The Labour Party won the elections on 04 June, returning to power after 14 years. They won 411 seats – the most since 2001. But was it a success for Labour? Not completely.

This is a success of the electoral system, which turned out to be extremely unfair. Labour won only 34% of the votes. This is the lowest share won by any party securing an overall majority in Parliament, however small – let alone a party winning a landslide in seats. The Conservative Party won 23% of the votes and only 121 seats: the lowest number in history. The combined Labour and Conservative vote share was 57.4%, the lowest since the 1918 general election.

Smaller parties took a record 42.6% of the vote in the election, in part due to anti-Conservative tactical voting. The Liberal Democrats, led by Ed Davey, made the most significant gains by winning a total of 72 seats. This was the party's best-ever result and made it the third-largest party in the Commons, a status it had previously held but lost at the 2015 general election. The fascist party Reform UK achieved the third-highest vote share and won five seats, and the Green Party of England and Wales won four seats. Both parties achieved their best parliamentary results in history, winning more than one seat for the first time.

Labour lost a number of former strongholds to independent candidates campaigning on pro-Gaza platforms. The shadow minister Jonathan Ashworth lost his Leicester South seat, where he previously had a majority of more than 22,000. Wes Streeting, who was one of Labour’s most high-profile figures during the campaign and who is now the health secretary, saw his majority in Ilford North, in London, reduced from more than 9,000 to just 528.

Former Labour leader Jeremy Corbyn continues to represent the constituency he has held since 1983. Corbyn won Islington North as an independent candidate, having being blocked from being a Labour candidate in March 2023 by Starmer. It must be noted that in the 2024 elections, the Labour Party got half a million less votes than in 2019 under Corbyn, when it achieved the worst result in history in terms of seats.

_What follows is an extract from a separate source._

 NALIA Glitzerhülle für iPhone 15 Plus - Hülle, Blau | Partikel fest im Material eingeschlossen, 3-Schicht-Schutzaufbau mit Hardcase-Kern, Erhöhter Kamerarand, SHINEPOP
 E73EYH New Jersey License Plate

UK voters were tired of the disastrous Conservative rule and often voted for Reform UK. As a result, RUK was third in many constituencies. For example: In South West Norfolk, Liz Truss was defeated by Labour’s Terry Jermy. Socialism sweeps the Fens? Not exactly. Jeremy won just 26.7% of the vote. But in a crowded field, first-past-the-post does odd things. Truss, with 25.3%, was followed closely by Reform’s Toby McKenzie, on 22.5%. Had just one in ten Reform voters backed Truss, she would have held her seat.

The YouGov poll showed that these elections were not a success for Keir Starmer, who is Labour’s leader and the new Prime Minister of Great Britain, as naive social liberals around the world would like to claim. In this poll, YouGov asked Labour voters why they would vote for the party on 4 June. As many as 48% answered "to get rid of the Tories," 13% "the country needs change" and only 5% "I agree with their policy". This means that the ‘social’ programme did not win. And no wonder. Labour had a social agenda under Corbyn. Nowadays they are probably best characterised as "Tories dressed in red". Labour has pledged to stick to conservative tax and spending plans (another similarity to Tony Blair's approach in opposition) and has recently come under fire for backtracking on its flagship £28 billion green energy investment pledge.

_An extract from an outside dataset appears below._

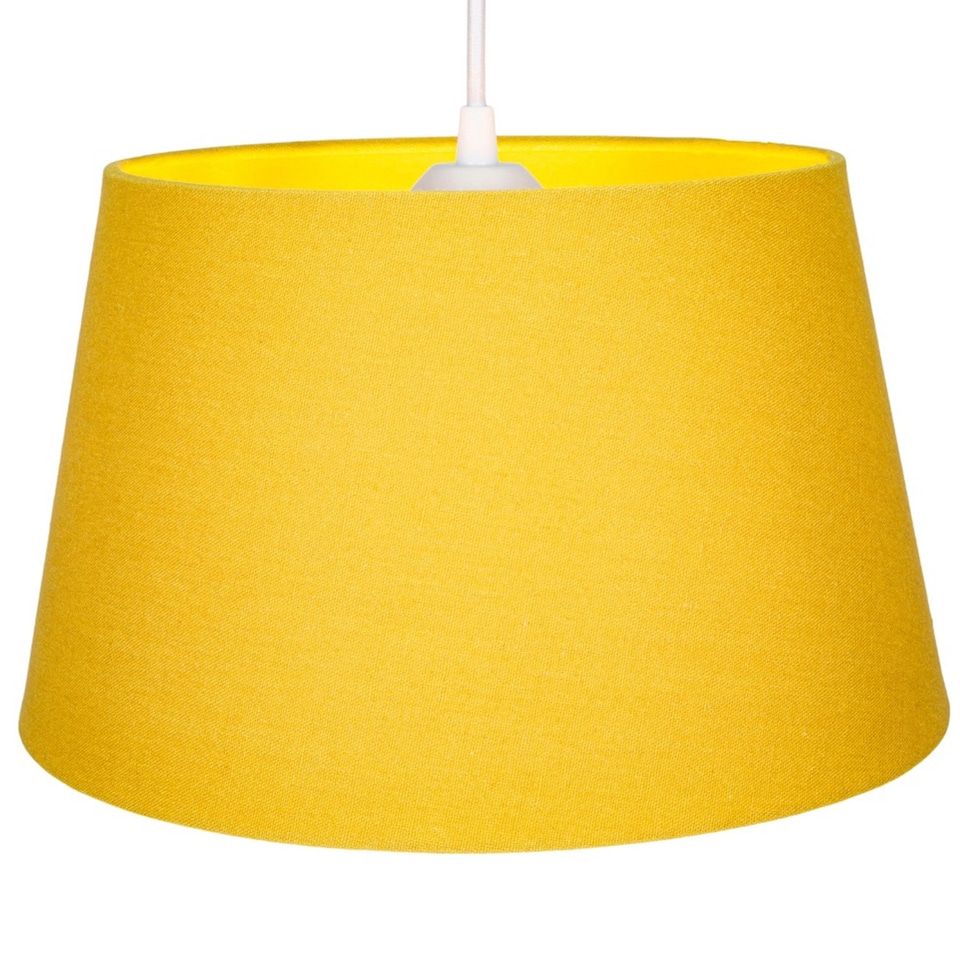 image 1 of Traditional 14 Inch Ochre Mustard Linen Drum Table-Pendant Lampshade 60w Maximum | Yellow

To sum up, June and early July were very hot months: not only as a result of climate change, but also political change. On the horizon, of course, are the US elections, where the campaign and constant surprising moments may change their course.

As such, there is no revolutionary force in the world that could overcome systemic stagnation and an unsustainable status quo. In fact, as the EU and UK elections have shown, a change of power in bourgeois democracies is just a repainting of an old chair, not a real change.

However, an awakening of working people is emerging around the world. It can be seen, for example, in the protests in Kenya against the scandalous budget bill. When such acts of anger of oppressed people are organised by a revolutionary party, they will become a political force capable of change.